Nadie, en su sano juicio, se animaría
a confesar que prefiere que le mientan que precisa ser engañado
para vivir en un mundo de ficción, porque teme enfrentarse
a la realidad y asumir sus abrumadoras consecuencias.
Cierta tendencia natural de los ciudadanos los
invita a buscar culpables por fuera. Es la forma más
burda de quitarse responsabilidades respecto de lo que sucede.
Es por eso que la política resulta tan funcional a
la sociedad.
Después de todo, esos pérfidos
personajes que deambulan en esa actividad son un blanco
fácil para esa misión. Muchos de ellos son corruptos,
abundan allí detestables individuos que no merecen
respeto alguno. Sus ambiciones desmedidas y sus hábitos
más que reprochables los convierten en una casta que
no genera ningún tipo de admiración.
Por eso cabe revisar el presente minuciosamente. No se
trata de que los políticos mienten, sino de entender
porqué sucede eso. No parecen tener, esos dirigentes,
incentivo alguno para decir la verdad. Muy por el contrario,
los que tienen el coraje de plantear los problemas con franqueza,
describiendo las dificultades y explicando los sacrificios
imprescindibles para prosperar no logran adhesión electoral
y sólo consiguen el desprecio cívico.
En cambio, los demagogos de siempre, esos que prometen
lo imposible, lo absolutamente irrealizable, cuentan con
un aval categórico e incondicional que les permite
obtener los votos suficientes para triunfar y acceder al
poder. Los políticos intentan agradar a los votantes
aplicando una lógica irrefutable. Solo dicen lo que
la gente quiere escuchar.
La sociedad debe replantearse
su rol y su evidente falta de compromiso. La tragedia se
inicia cuando se decide expresamente rechazar la idea del
esmero como requisito para superar los inconvenientes. Eso
explica porque se aplaude sin inmutarse a los políticos
que garantizan que lo que viene será mejor y proponen
un porvenir absurdamente optimista. Cuando se espera que
todo sea simple, con una realidad diseñada a la medida
de los deseos, como en un cuento de hadas, nada resulta
y todo es frustración.
Los dilemas se superan,
en cualquier escenario coyuntural, cuando son afrontados
con determinación e inteligencia. No se los resuelve
de cualquier modo, y mucho menos, con improvisaciones y
posturas displicentes.
Los asuntos de la comunidad
deben ser analizados con paciencia y detenimiento para ser
abordados luego con criterio y sensatez. Nada es gratis.
Y lo que realmente vale, siempre cuesta. Pretender que esto
sea diferente es definitivamente ingenuo y hasta demasiado
infantil. Por eso la sociedad tiene en esto una gigante
e indelegable cuota de responsabilidad. Los
políticos tramposos son hijos de esta sociedad enferma
que prefiere la mentira a la verdad, que premia a los embusteros
con su voto y castiga a los que muestran con crudeza que
solo el esfuerzo permite el progreso.
A no quejarse
entonces y, en todo caso, a generar los cambios que se anhelan.

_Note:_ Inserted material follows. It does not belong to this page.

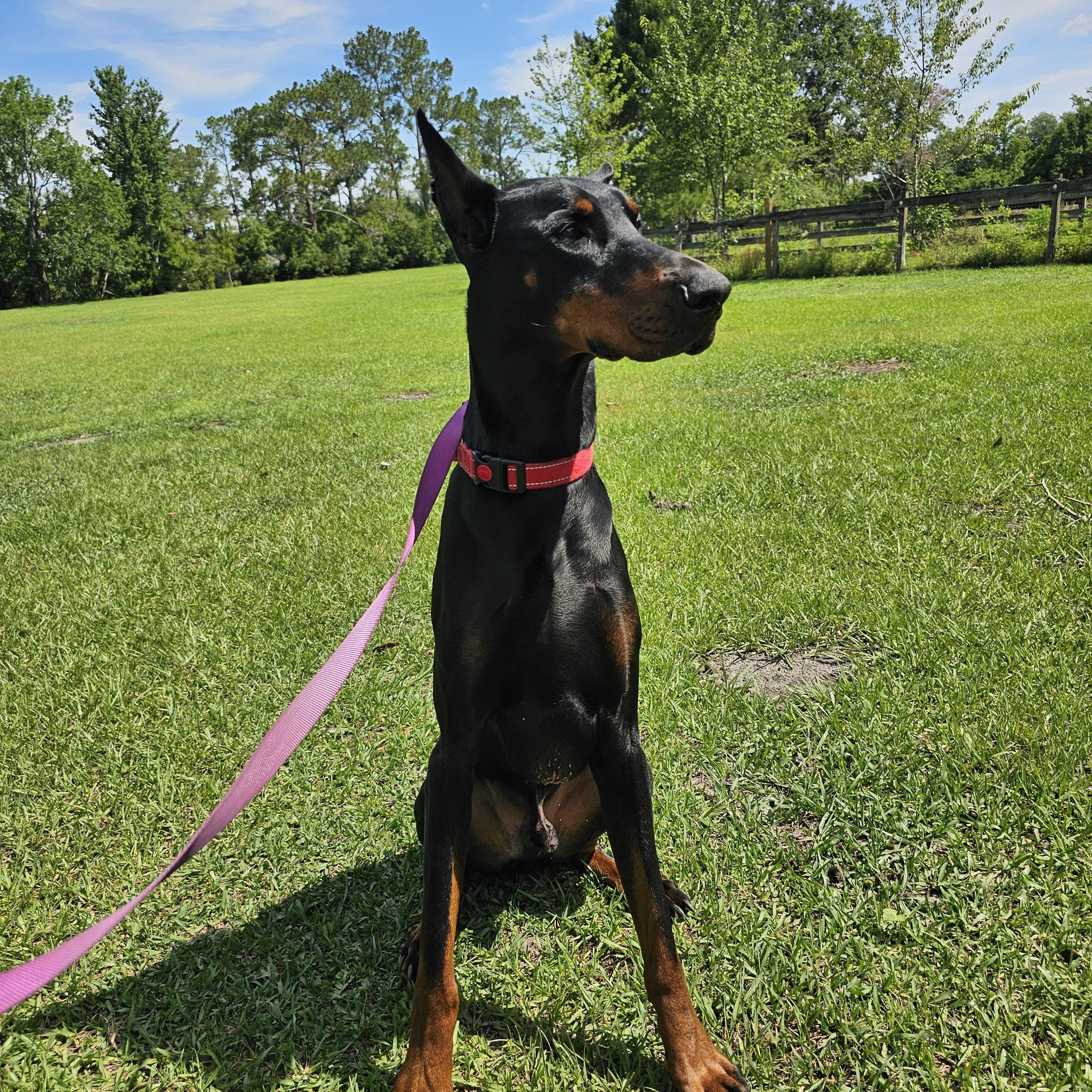 BACKUP, a Adopted Doberman Pinscher in Jacksonville, FL image 5/5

Las ambigüedades de los discursos políticos son
solo un derivado esperable que se ajusta a las retorcidas
demandas de una sociedad mediocre que no solo vota a esos
políticos, sino que ni siquiera tiene la honestidad
intelectual de reconocer su propia y objetable conducta
cívica.
Una sociedad que aplaude apasionadamente
a una clase política repleta de farsantes, se debe
a sí misma, una enorme autocrítica. La simplificación
que lleva a culpar a los que se dejan utilizar, a los que
venden su voto, a los "clientes" de la política, solo
muestra un gran cinismo ciudadano.
El cambio
empieza por cada uno y ahora. No existe magia ni alquimia
que resuelva este presente. No se debe esperar que los demás
empiecen a modificar su patética actitud. Es probable
que sea el momento de dar el ejemplo y asumir ese liderazgo
social que movilice a la comunidad invitándola a hacer
lo preciso, a actuar con enérgica corrección.
Se debe evitar caer en la cándida postura de buscar
causantes alrededor. Solo basta con mirarse al espejo y
repasar las acciones personales del pasado reciente.
Cuando la gente deje de votar a los embaucadores
y empiece a darle respaldo concreto a los que proponen el
máximo esfuerzo, a los más serios y preparados,
a esos que hablan del futuro con sin eufóricos discursos,
porque creen que con sacrificio se superaran las dificultades,
para que luego todo pueda estar solo un poco mejor, recién
en ese instante, se abrirá la puerta para que la sociedad
pueda sentirse orgullosa de sí misma.
Para
que eso ocurra no se debe esperar nada. No depende de las
circunstancias económicas actuales, ni tampoco del
contexto político, ni mucho menos de las agrupaciones
partidarias. Solo es necesario tomar la decisión adecuada
y abandonar esta práctica aberrante de comprar ilusiones
y continuar con esta impronta de seguir entusiasmados con
las mentiras.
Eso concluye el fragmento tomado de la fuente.